Data provided:
• • •
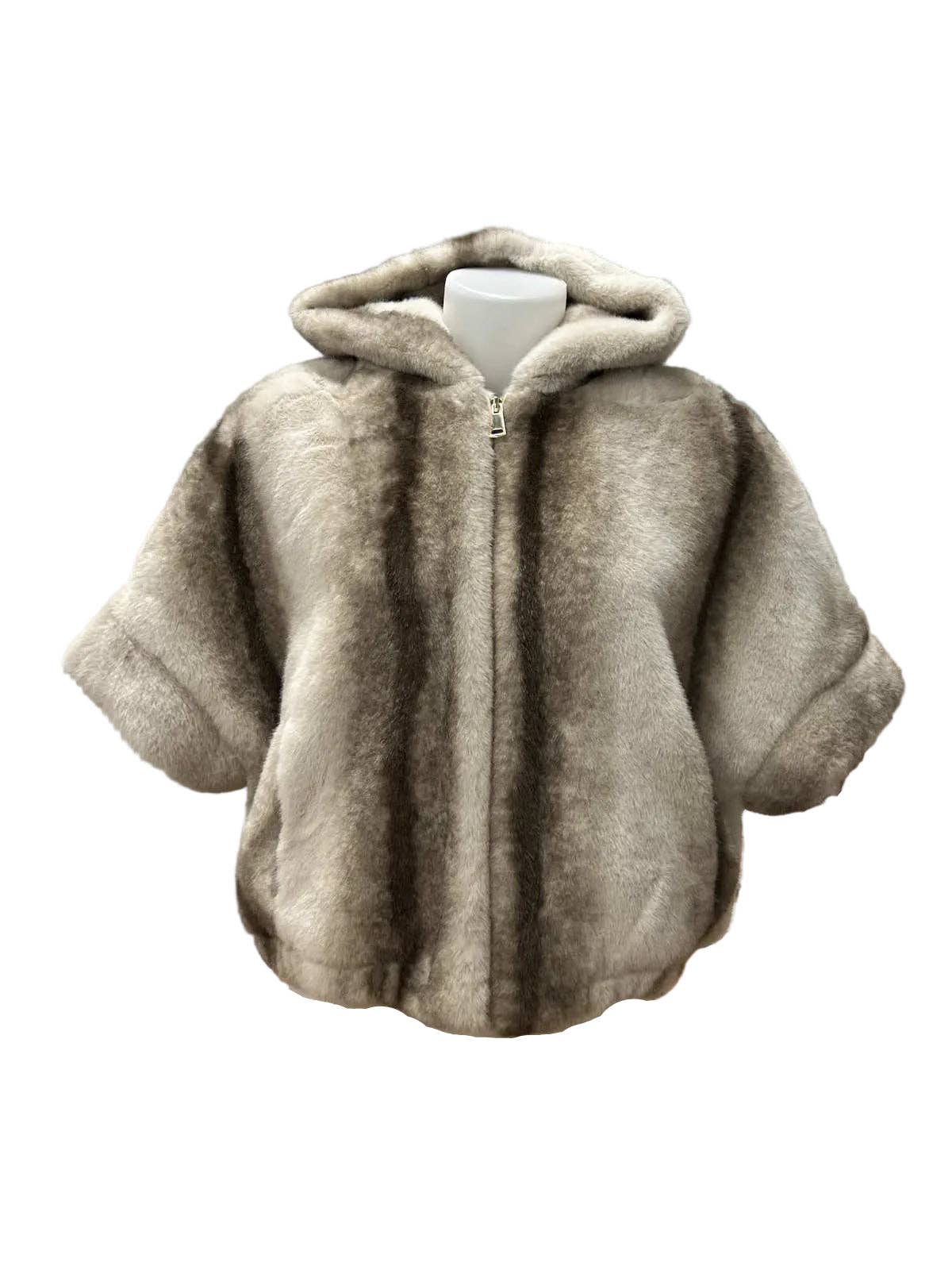 Veste Bomber à Capuche en Fausse Fourrure Rayée | Celine & Clara – Automne/Hiver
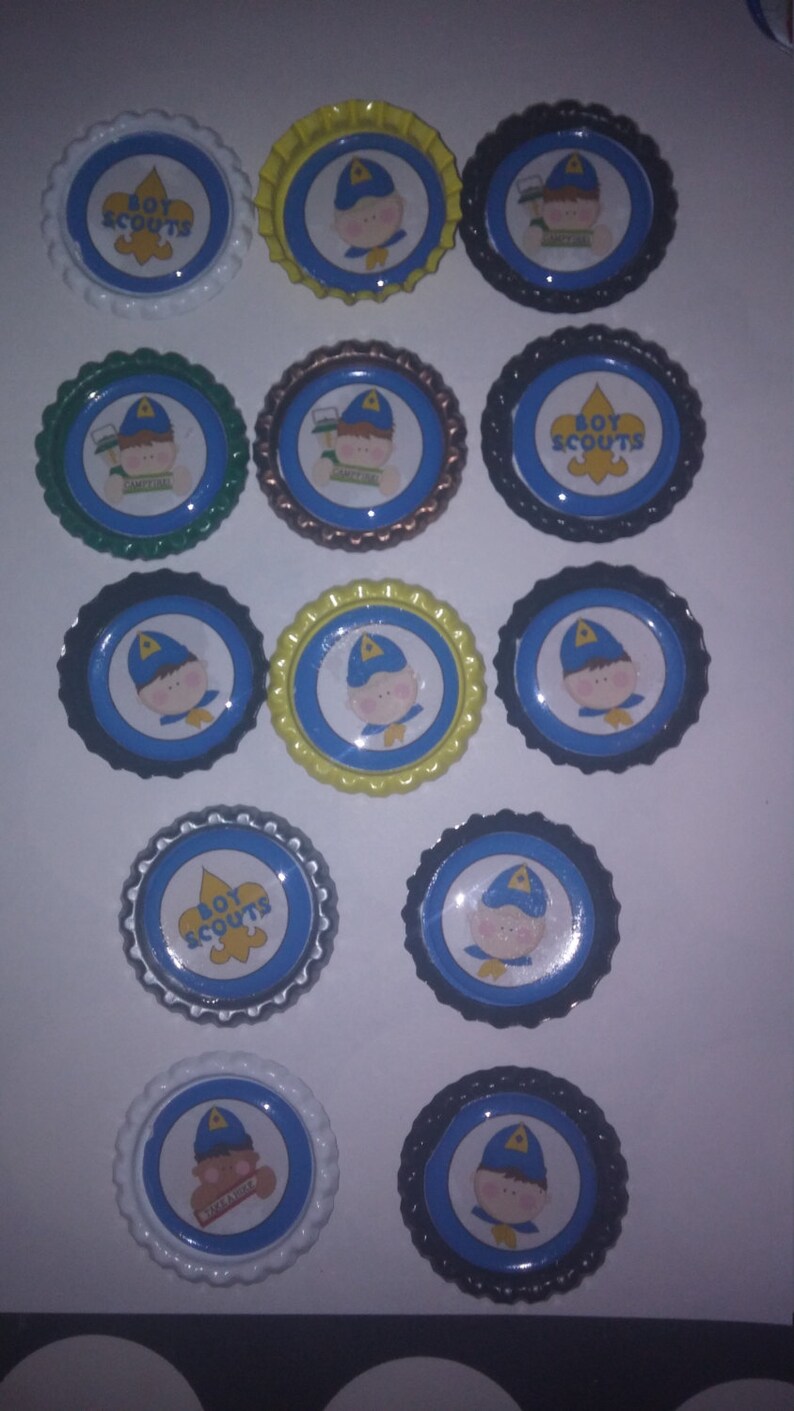 Boy Scout themed bottle cap magnets or boy scouts cupcake toppers image 2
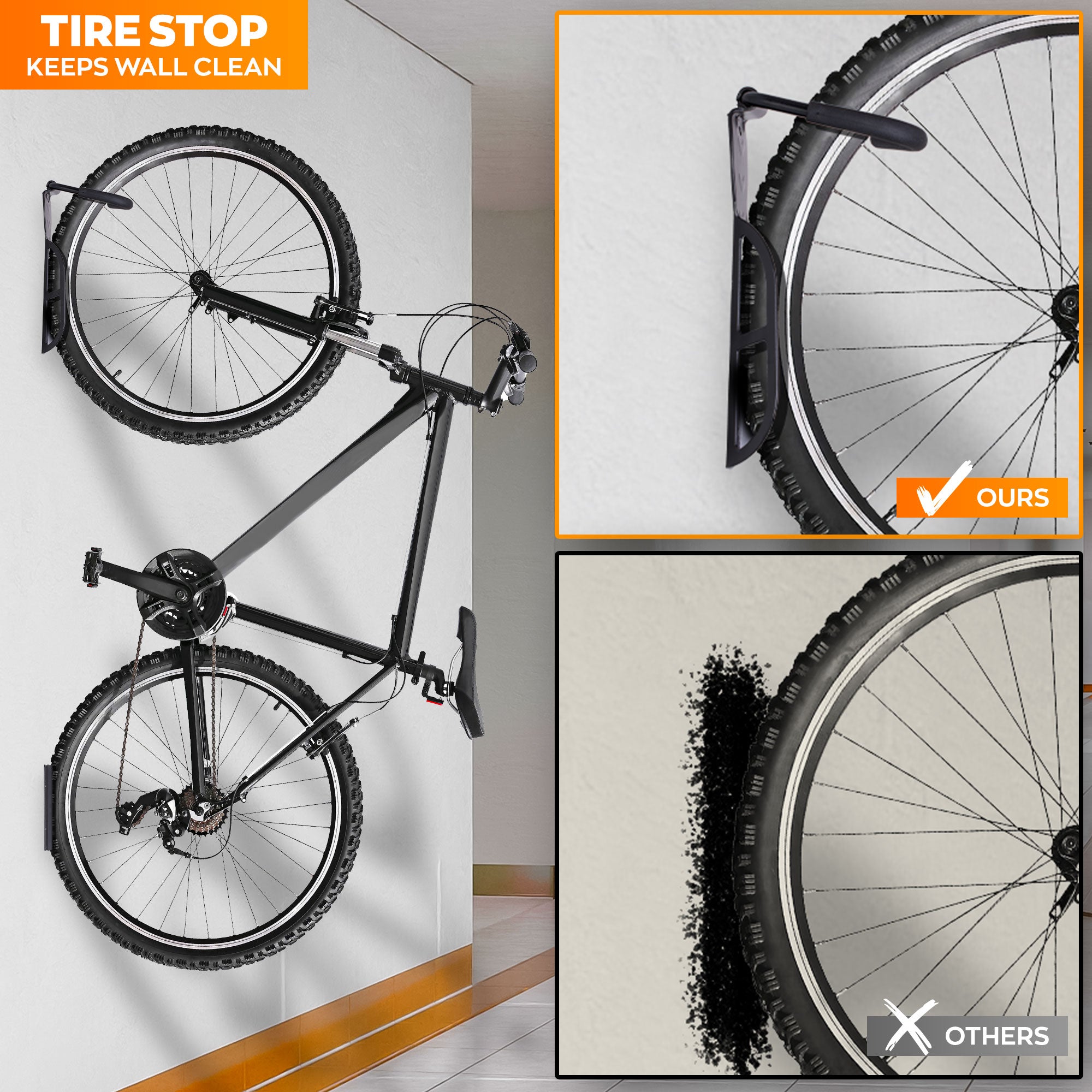 Ramos - Set 2 Portabici da Parete Salvaspazio Ganci per 2 Biciclette da 30 Kg in Metallo Nero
• • •
Problem details: Give back the material above exactly, with each picture removed.

Completed task:
 Veste Bomber à Capuche en Fausse Fourrure Rayée | Celine & Clara – Automne/Hiver
 Boy Scout themed bottle cap magnets or boy scouts cupcake toppers image 2
 Ramos - Set 2 Portabici da Parete Salvaspazio Ganci per 2 Biciclette da 30 Kg in Metallo Nero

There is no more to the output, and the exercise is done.